What's in Bloom Now

Monday, February 3, 2020

First Flowers

     About three times a season, a First-Flower Farm customer at one of the farm markets where I sell my bouquets asks me, "So: What is the 'first flower'?" It's a way to make conversation, usually—they don't really need an answer. Yet, I always take the question in earnest (I'm Midwestern to the bone). In the name of my farm, the first flower is a very specific one: an Easter lily I so vividly recall discovering, as a two-year-old, in my grandmother's arid Michigan flowerbed. The Easter lily is used as a fragrant symbol of the Resurrection and this one was a true ambassador of that miracle. Nothing grew easily in her windswept, barren Northern garden.
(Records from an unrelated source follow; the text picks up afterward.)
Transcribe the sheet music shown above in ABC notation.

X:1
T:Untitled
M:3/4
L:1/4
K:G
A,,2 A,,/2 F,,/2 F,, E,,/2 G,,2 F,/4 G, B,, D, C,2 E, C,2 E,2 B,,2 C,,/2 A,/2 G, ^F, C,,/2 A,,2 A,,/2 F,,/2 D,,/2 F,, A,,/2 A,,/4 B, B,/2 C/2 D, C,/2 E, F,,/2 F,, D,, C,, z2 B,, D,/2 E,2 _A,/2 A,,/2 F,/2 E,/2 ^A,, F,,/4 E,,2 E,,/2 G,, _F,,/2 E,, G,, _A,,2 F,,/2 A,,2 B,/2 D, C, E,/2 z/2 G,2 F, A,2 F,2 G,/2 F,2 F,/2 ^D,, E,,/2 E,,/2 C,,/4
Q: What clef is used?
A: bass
That this marginally hardy bulb would not only have survived the assaults of greenhouse forcing, poor soil, striped gophers, freeze-thaw cycles and hot spring winds, but  managed to re-bloom the following spring, was a testament to botanical determination if not out-and-out divine might. Of course, I wouldn't have understood any of this at age two, but I distinctly recall my need to wade in among the scraggly sedum and wild alyssum growing at its feet to press my face into that creamy, fragrant trumpet which stood almost as tall as I did. I remember feeling not so much an intellectual realization that I wanted to be a gardener, just at that moment, as a recognition that my destiny and that of this flower were intertwined: I identified as a gardener. So that's my "first flower"—progenitor to the millions of vegetative things I have grown from seed to seed ever since.
    In terms of the-first-thing-to-bloom-at-the-farm answer, I always told people I supposed First-Flower's season began with the clumps of snowdrops which bloom around the back steps here on the farm when the March sun heats up the stucco siding and asphalt nearby.  However, that was a misconception. Early they are, but they aren't as early as this.
Here is the first flower: Hamamelis vernalis, in the farm's first bouquet of the year. This was picked and arranged to grace the table for my husband's birthday dinner on February 1. Even Puxatawney Phil was still asleep, but the cravings of the gardener neither sleep nor slumber, and I was darned if I was going to spend money on the very flowers-flown-from-elsewhere I so often educate/rant about the rest of the year. Armed with freshly-sharpened off-season clippers, I sallied forth to discover a single dried hydrangea blossom, some straw-colored quaking oat grass and seed-blown skeletons of miscanthus grass, and the gorgeous stems of coral bark willow, which carry the exact same coral shade as the subtle flowers of these hamamelis, a.k.a "witch hazel."
     In the warmth of the house, the fragrance drifts across the table in the same evanescent way it does in the yard on a chance spring day, pooling in unexpected places yards from the shrub. It's a trickster of a plant, doling out fragrance by its own caprices. The first harbingers of spring are like that. They are subtle as the snow fleas that pepper the hiking path; quiet as the drips falling from the broken branches of the maple; subtle as these tiny blooms with their twisted ribbon petals, lining branches still holding fast to last fall's leaves. But this time of year, my eyes are hungry as the next person's for the first colors to mark the turning of the seasons; it takes very little to bring great joy.
     Yes, climate change is a very present worry. I'm as apt as the next farmer to doubt the very conscientiousness  of actually enjoying a sign of spring so early in the year, when we should be under a thick blanket of snow. Every choice I make on the farm this summer will be made with respect for the ecosystem and environmental preservation foremost. Meantime, here it is: the season opener, an offering—as unlikely, in the bleak midwinter, as that lush Easter lily in that April yard, and undoubtedly, a joy to behold: The First Flower.     Bloom where you are planted.

1 comment:

  1. Welcome back. Got any other new pictures? Could use 'em if you got 'em!